Gerade erst hätten sie den Kölner Zoo besucht. Und auch die rund 533 Stufen des Kölner Doms haben die Austauschschüler und ihre jungen Gastgeber bereits erklommen.

Eine Woche dauert der Aufenthalt der sieben französischen Teilnehmer in Beuel, darunter nur ein einziger Junge: Bereits seine Schwester habe an dem Jugendaustausch teilgenommen, berichtete Félix, 12, aus Biécourt nahe Mirecourt. Ein wenig Heimweh habe er schon, erzählte er, aber nicht viel. In seiner Gastfamilie fühle er sich wohl.

Den größten Unterschied zwischen Frankreich und Deutschland sieht er in der jeweiligen Art zu frühstücken: Hierzulande werde viel mehr Aufschnitt gegessen, in seiner Heimat eher Süßes. Er sei schon zweimal in Mirecourt gewesen, erzählte Felix aus Beuel-Vilich. Seit einem Jahr lernt der Zwölfjährige Französisch.

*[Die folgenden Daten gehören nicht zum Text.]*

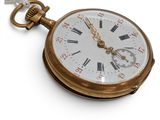 a gold pocket watch with roman numerals on it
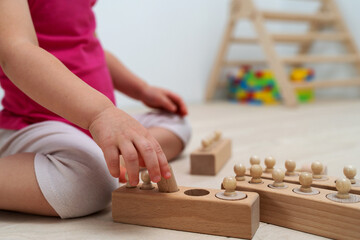 A 2.5 year old child sorts shapes of different sizes. Wood childrens game by Montessori system. Wooden knobbed cylinders for preschool and kidergarten playing.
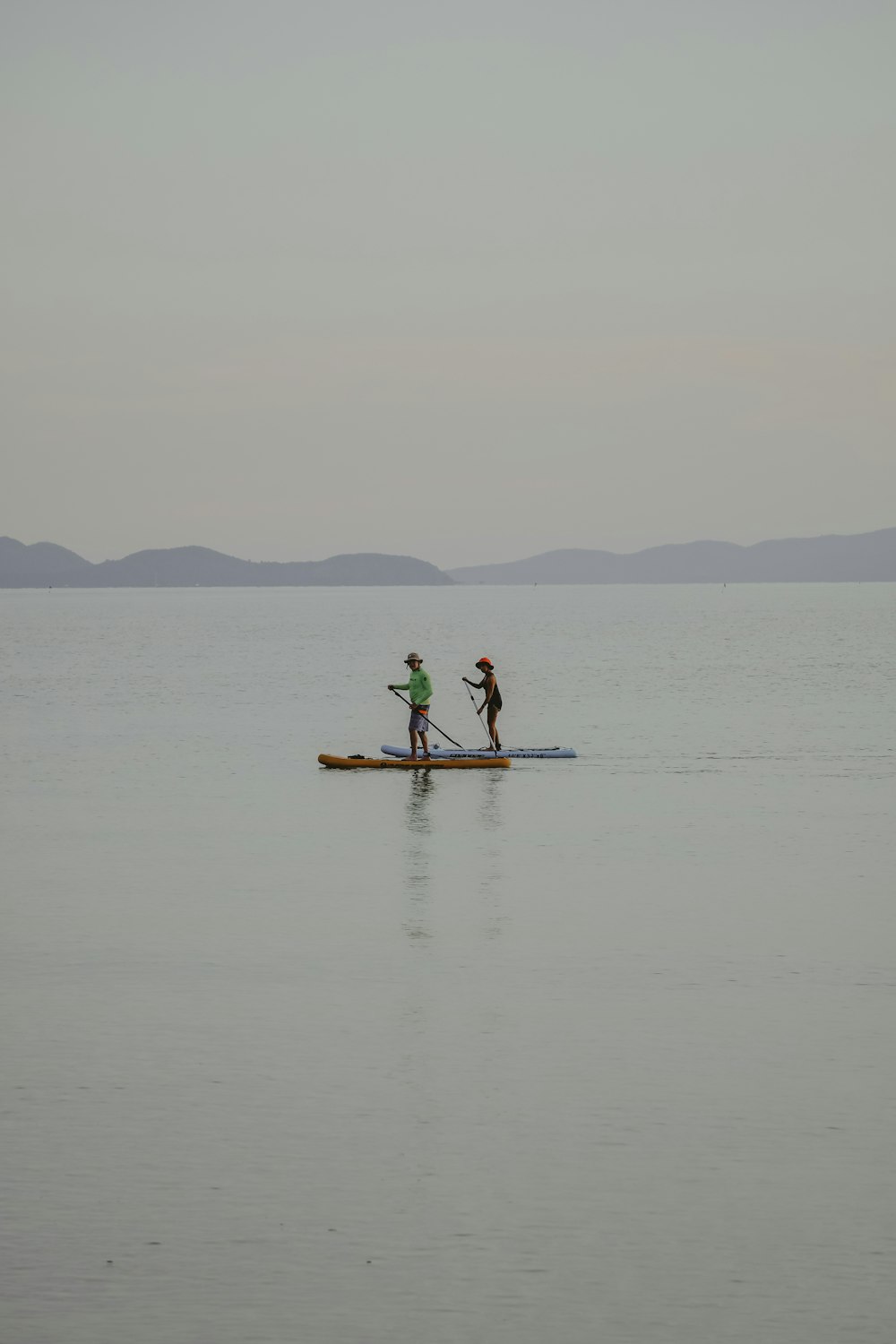 a couple of people on a small boat in the water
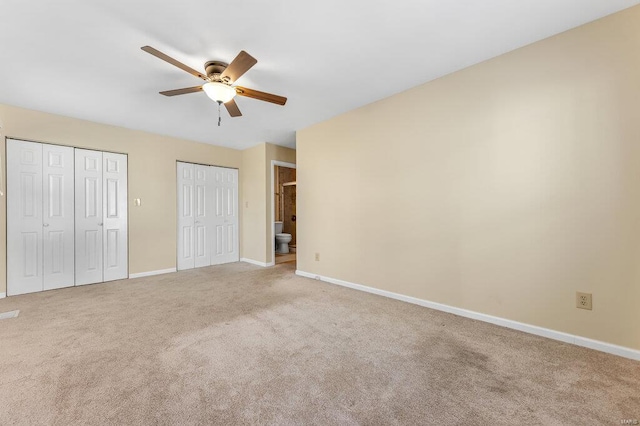 unfurnished bedroom featuring light colored carpet, baseboards, two closets, and ceiling fan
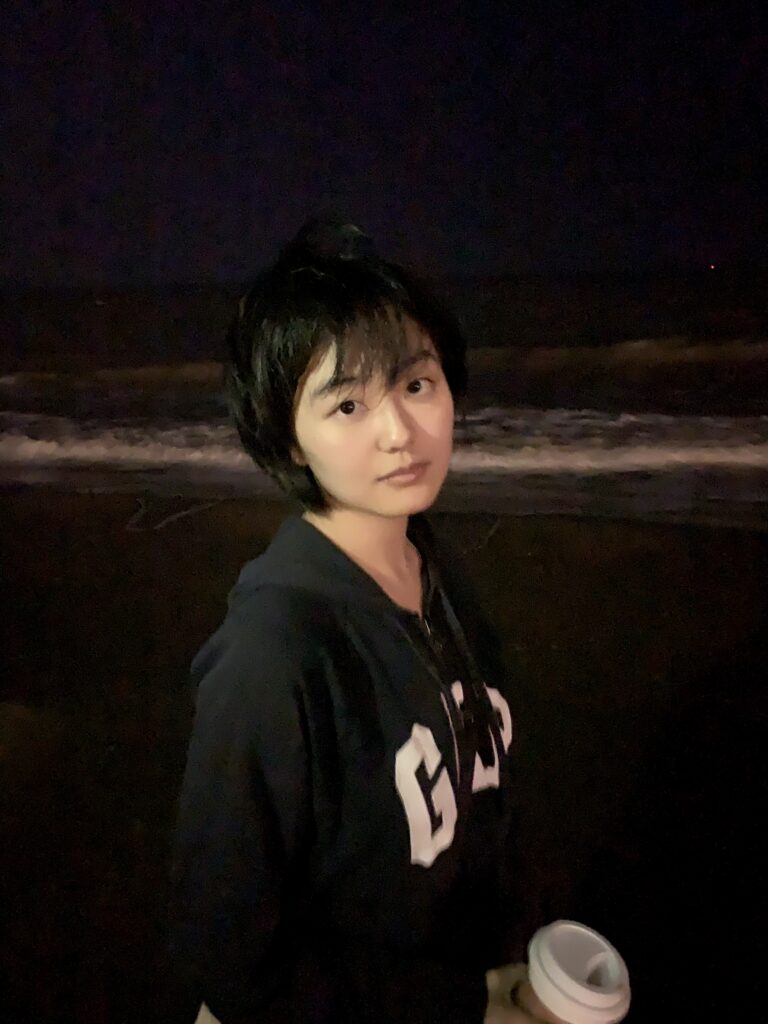 person looking at camera with short black hair and wearing a hoodie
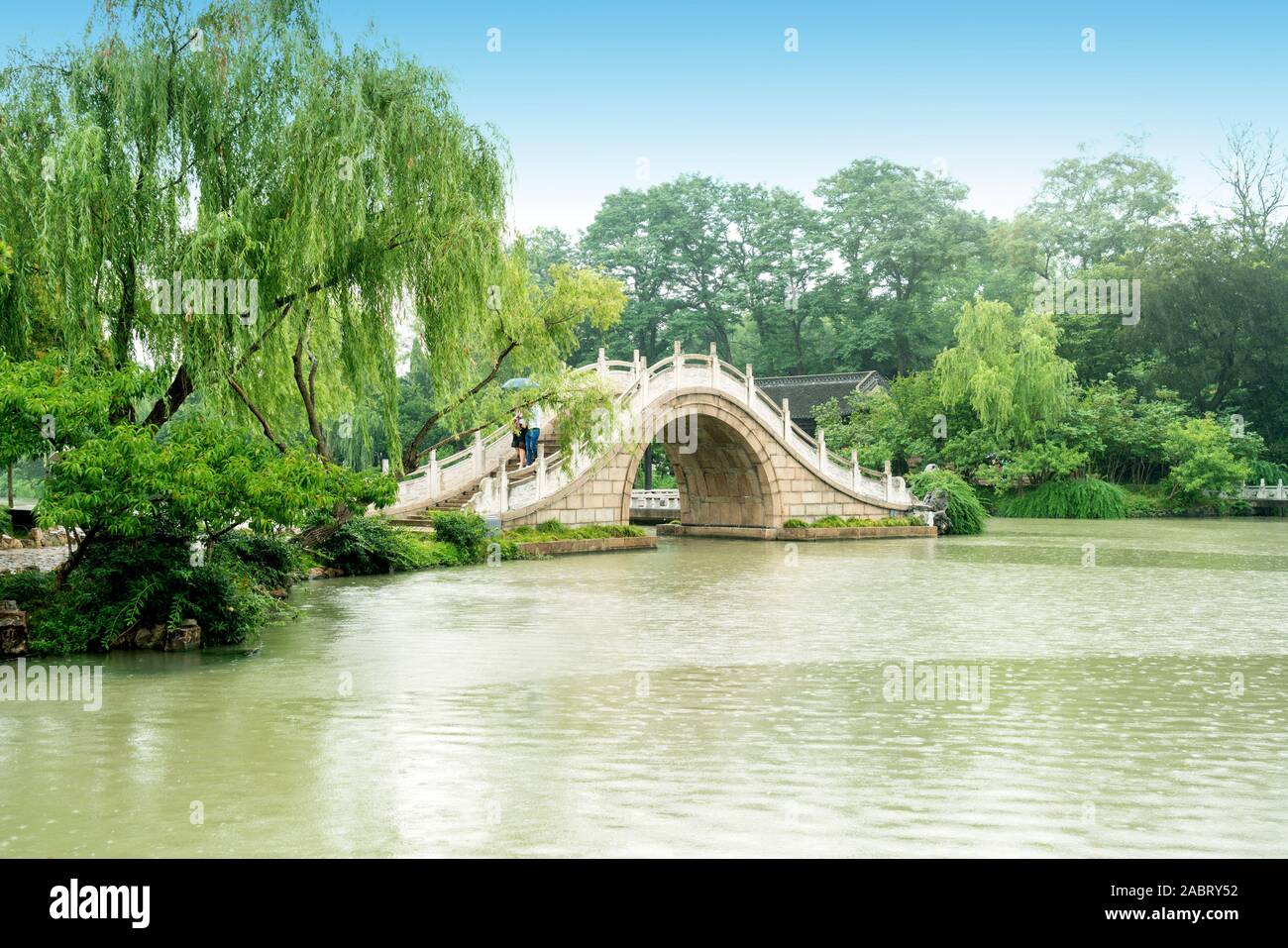 Chinese classical gardens in the rain: Slender West Lake, arch bridge and  couples, Yangzhou, China Stock Photo - Alamy, image size:1300x957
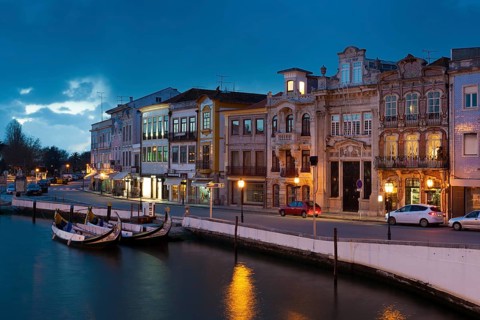Moliceiro boats docked and Art Nouveau style buildings, Aveiro, Portugal, Europe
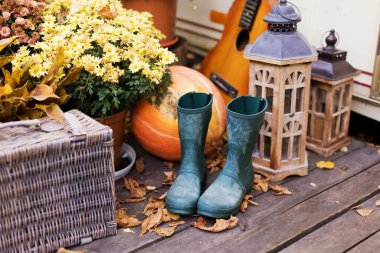 Yeşil çizmeler, ahşap fenerler, hasır sepet, balkabağı ve çiçekler arka bahçede.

Aus Mangel an Jungs ist sein Austauschpartner eine Partnerin, heißt Lisa und ist zwölf. Sie würden sich sowohl auf Deutsch als auch auf Französisch unterhalten, meinte Felix: "Und manchmal auch so ein bisschen auf Englisch." Der Austausch biete ihm die Möglichkeit, alles, was er in der Schule gelernt habe, tatsächlich anzuwenden.

"Jaaaaa", antwortete Clara, 12, aus Aboncourt bei Mirecourt mit einem Augenzwinkern auf die Frage, ob sie denn gut Deutsch spreche. Aber die Aussprache sei anders als jene, die sie in der Schule gelernt hat. Klar - Bönnsche beziehungsweise Kölsche Mundart wird dort nicht gelehrt.

Der Austausch, der 2003 erstmals stattfand, geht über zwei Jahre. Erst im kommenden Jahr besuchen die Beueler Schüler ihre neuen französischen Freunde in Mirecourt. Bereits im Vorfeld hätten sie sich E-Mails geschrieben, weiß Kiesel. Im Rahmen des Austausches seien schon Freundschaften entstanden.

Die Kosten für die Teilnahme übernehme die Stadt Bonn, so Kiesel weiter. Eigentlich hätten insgesamt 18 Kinder teilnehmen wollen. Aus organisatorischen Gründen sei der Austausch jedoch auf sieben Plätze begrenzt.